WHAT YOU NEED TO DO: From the records below, copy out exactly the lines from the one containing "Proving Compound Angle" to the one containing "TL-SG105PE TP-Link 5-Port", both included. Add nothing else.
··· TASK DATA ···
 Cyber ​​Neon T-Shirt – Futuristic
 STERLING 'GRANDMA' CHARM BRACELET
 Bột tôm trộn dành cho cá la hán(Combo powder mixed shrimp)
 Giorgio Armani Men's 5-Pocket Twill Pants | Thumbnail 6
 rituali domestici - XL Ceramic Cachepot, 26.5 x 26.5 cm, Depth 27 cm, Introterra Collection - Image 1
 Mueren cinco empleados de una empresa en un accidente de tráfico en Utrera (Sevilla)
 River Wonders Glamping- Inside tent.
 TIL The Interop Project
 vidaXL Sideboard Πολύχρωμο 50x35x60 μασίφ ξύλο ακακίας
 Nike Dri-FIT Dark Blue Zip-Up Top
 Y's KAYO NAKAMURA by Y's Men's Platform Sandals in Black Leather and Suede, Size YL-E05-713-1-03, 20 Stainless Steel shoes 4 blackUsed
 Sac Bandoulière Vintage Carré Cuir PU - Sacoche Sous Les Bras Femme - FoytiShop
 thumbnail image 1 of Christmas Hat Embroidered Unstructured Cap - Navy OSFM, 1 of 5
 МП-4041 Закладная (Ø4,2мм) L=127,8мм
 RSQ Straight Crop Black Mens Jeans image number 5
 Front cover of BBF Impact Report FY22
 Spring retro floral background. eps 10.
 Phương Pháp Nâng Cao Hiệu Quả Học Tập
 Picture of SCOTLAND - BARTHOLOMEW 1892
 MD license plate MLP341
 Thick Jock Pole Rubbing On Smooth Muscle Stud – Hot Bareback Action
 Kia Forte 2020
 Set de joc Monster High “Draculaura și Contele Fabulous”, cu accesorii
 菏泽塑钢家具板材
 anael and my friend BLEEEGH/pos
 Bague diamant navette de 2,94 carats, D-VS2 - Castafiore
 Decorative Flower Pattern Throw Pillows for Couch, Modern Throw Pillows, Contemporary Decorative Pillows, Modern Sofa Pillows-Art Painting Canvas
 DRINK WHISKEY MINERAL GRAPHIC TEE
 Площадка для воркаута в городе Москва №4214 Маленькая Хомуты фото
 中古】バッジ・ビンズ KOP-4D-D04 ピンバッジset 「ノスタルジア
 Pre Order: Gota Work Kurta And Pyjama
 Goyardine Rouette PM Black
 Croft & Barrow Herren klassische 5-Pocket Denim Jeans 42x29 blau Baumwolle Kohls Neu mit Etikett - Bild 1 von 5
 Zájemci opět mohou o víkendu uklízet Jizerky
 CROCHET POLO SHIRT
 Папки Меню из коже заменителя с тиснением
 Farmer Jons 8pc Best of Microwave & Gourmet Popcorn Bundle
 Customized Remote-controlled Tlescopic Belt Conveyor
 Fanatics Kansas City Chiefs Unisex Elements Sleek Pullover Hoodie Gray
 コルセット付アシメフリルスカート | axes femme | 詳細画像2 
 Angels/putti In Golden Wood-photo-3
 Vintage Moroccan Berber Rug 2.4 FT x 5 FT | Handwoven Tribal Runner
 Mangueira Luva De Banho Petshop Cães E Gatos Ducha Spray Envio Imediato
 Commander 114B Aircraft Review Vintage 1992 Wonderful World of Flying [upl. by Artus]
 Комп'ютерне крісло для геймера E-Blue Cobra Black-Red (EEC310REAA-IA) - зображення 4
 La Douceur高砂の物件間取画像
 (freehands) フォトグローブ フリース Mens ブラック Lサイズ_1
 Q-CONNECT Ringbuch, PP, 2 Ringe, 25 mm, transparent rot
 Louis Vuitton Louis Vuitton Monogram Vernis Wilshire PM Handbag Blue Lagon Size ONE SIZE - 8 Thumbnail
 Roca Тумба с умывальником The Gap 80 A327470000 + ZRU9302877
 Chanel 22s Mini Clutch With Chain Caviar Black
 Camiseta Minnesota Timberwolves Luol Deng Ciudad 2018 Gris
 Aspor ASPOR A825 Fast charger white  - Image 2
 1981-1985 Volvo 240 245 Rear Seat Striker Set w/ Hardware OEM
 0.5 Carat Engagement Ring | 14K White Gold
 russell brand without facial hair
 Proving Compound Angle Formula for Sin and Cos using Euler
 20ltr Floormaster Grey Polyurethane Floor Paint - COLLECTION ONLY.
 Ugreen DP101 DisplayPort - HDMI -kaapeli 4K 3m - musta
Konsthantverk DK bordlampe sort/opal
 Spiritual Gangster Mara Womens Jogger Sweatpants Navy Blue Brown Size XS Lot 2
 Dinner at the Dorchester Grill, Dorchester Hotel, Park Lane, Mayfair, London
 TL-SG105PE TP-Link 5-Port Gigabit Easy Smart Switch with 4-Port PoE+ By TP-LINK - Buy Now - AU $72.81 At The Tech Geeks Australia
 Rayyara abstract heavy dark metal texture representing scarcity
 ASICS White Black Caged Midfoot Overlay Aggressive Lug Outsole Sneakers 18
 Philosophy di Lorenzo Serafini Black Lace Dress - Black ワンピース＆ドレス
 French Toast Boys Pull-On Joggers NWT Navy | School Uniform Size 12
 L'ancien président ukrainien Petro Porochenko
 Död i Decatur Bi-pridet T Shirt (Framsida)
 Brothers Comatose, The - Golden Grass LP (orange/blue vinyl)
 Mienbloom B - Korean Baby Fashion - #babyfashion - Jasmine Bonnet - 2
···
REPLY:
 Proving Compound Angle Formula for Sin and Cos using Euler
 20ltr Floormaster Grey Polyurethane Floor Paint - COLLECTION ONLY.
 Ugreen DP101 DisplayPort - HDMI -kaapeli 4K 3m - musta
Konsthantverk DK bordlampe sort/opal
 Spiritual Gangster Mara Womens Jogger Sweatpants Navy Blue Brown Size XS Lot 2
 Dinner at the Dorchester Grill, Dorchester Hotel, Park Lane, Mayfair, London
 TL-SG105PE TP-Link 5-Port Gigabit Easy Smart Switch with 4-Port PoE+ By TP-LINK - Buy Now - AU $72.81 At The Tech Geeks Australia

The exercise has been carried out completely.